By May 24, 2012 2 Comments

Over the past couple of months, I’ve been following debates in the media about what has been called a “war against women” or a “campaign against women.” When I feel like I can no longer bear watching news reports and analysis on this topic, I find myself turning the channel and immersing myself in a new slate of sitcoms and dramas. Interestingly, the shows that I’m watching these days don’t let me off the hook. They don’t allow me to escape the disappointment, frustration, angst, and anxiety in our culture.

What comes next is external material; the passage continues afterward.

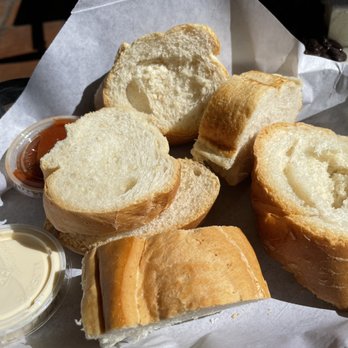 Antigua Bread - El pan - Coffee & Tea Near Me - Los Angeles, California Antigua Bread - El pan - Coffee & Tea Near Me - Los Angeles, California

Instead, they invite me into the heart of that experience.

Girls, Mad Men, and Game of Thrones vividly illustrate conflicts about gender and sexuality on both cultural and personal levels.  The female characters in these programs bear the cultural realities of sexism in their own bodies and souls. Those of us viewers who connect empathetically with them may participate in a parallel process—a journey into our own angst. In this journey, we may become painfully aware of our own internalized sexism. We may wrestle with our own inner conflicts as we try out life-giving new ways of relating to others.

Game of Thrones, the HBO series based on George R. R. Martin’s bestselling books of the same title, presents a surprisingly long slate of women who find voice and establish power in their worlds, but not without severe limitation and searing ambiguity. The economic, social, and ethnic diversity among them demonstrates multiple ways to be a woman in a man’s world. There are queens and whores, princesses and poor outcasts, young girls who want to wield swords and mothers who have no choice but to do so. From Brienne, a tall, strong, friendless, hand of the king (think: fierce warrior) who declares, “I am no lady!” to Daenerys, a young, orphaned, and exiled princess who declares herself “Mother of Dragons” and future ruler of the realm: these women demonstrate the beauty and poignancy of an indomitable spirit hemmed in by indomitable external forces. Perhaps most vivid is the sexual power wielded by men in their lives—a reality that three generations of consciousness-raising have hardly eliminated in western culture.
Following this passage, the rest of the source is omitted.